▸ **PROVIDED DATA**:
■ ■ ■ ■ ■

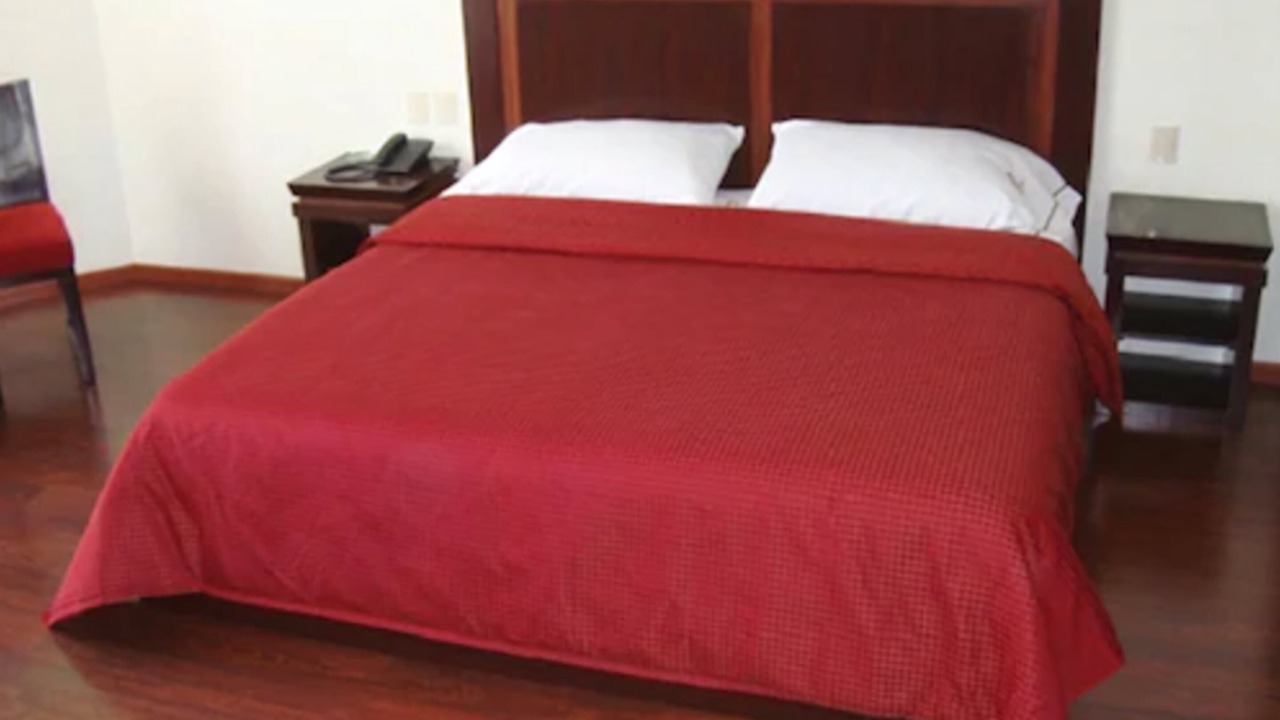 Photo of Bedroom in Ciudad Lopez Mateos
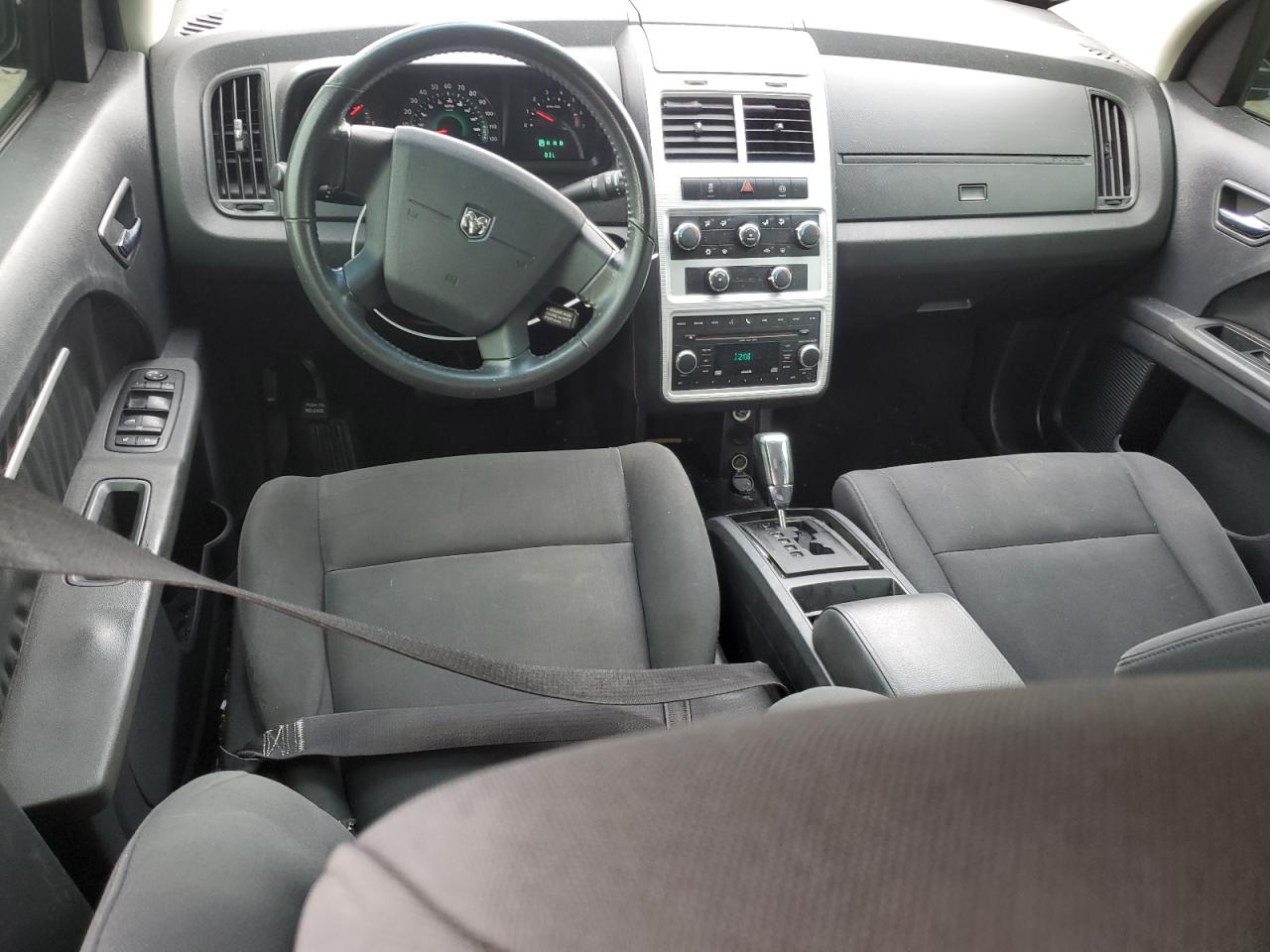 2010 Dodge Journey - Image 8
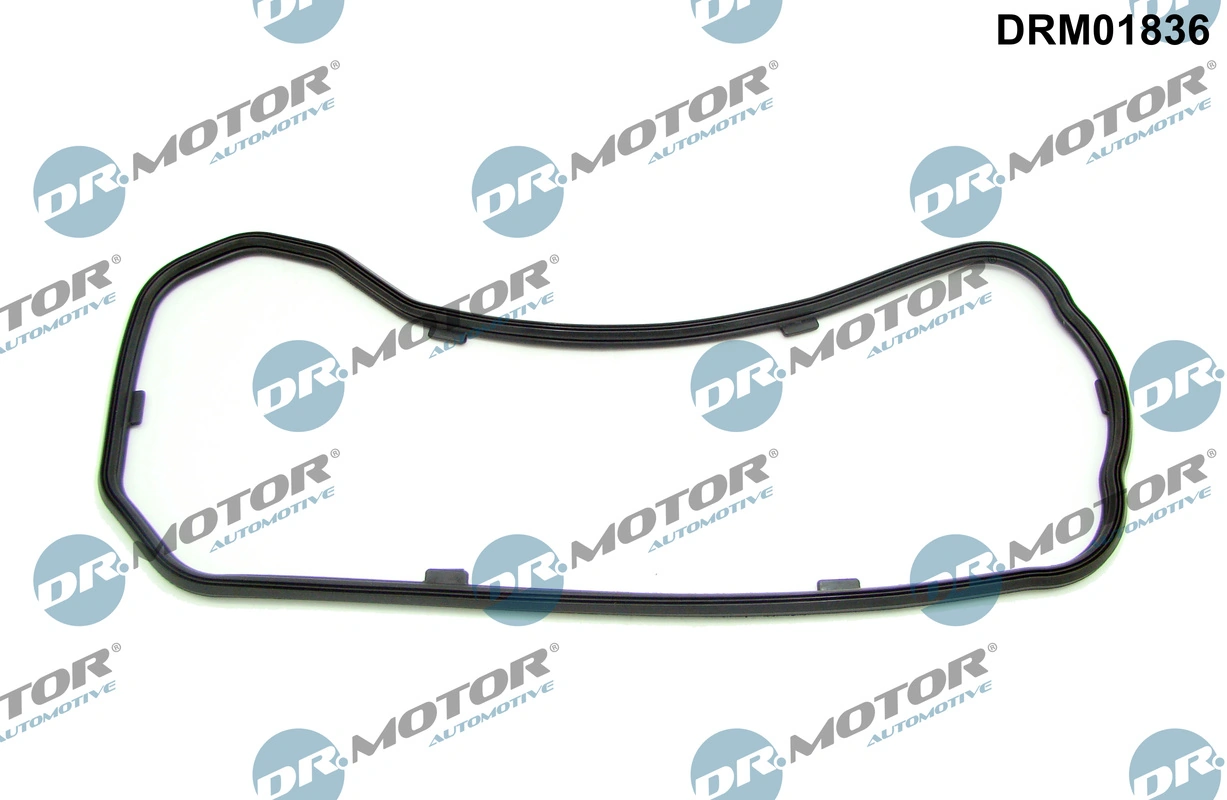 Joint, carter d'huile Dr.Motor Automotive DRM01836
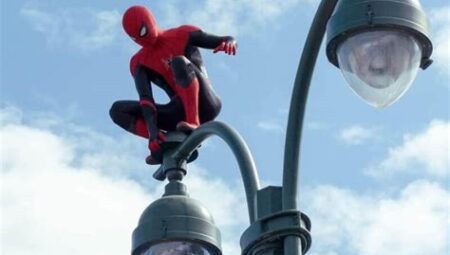 Spider-Man: No Way Home’ın Paralel Evrenler Arası Kesişim Noktaları ve Süper Kahramanlar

■ ■ ■ ■ ■

The whole listing above needs to be copied exactly; please keep the pictures out.

▸ **REPLY**:
 Photo of Bedroom in Ciudad Lopez Mateos
 2010 Dodge Journey - Image 8
 Joint, carter d'huile Dr.Motor Automotive DRM01836
 Spider-Man: No Way Home’ın Paralel Evrenler Arası Kesişim Noktaları ve Süper Kahramanlar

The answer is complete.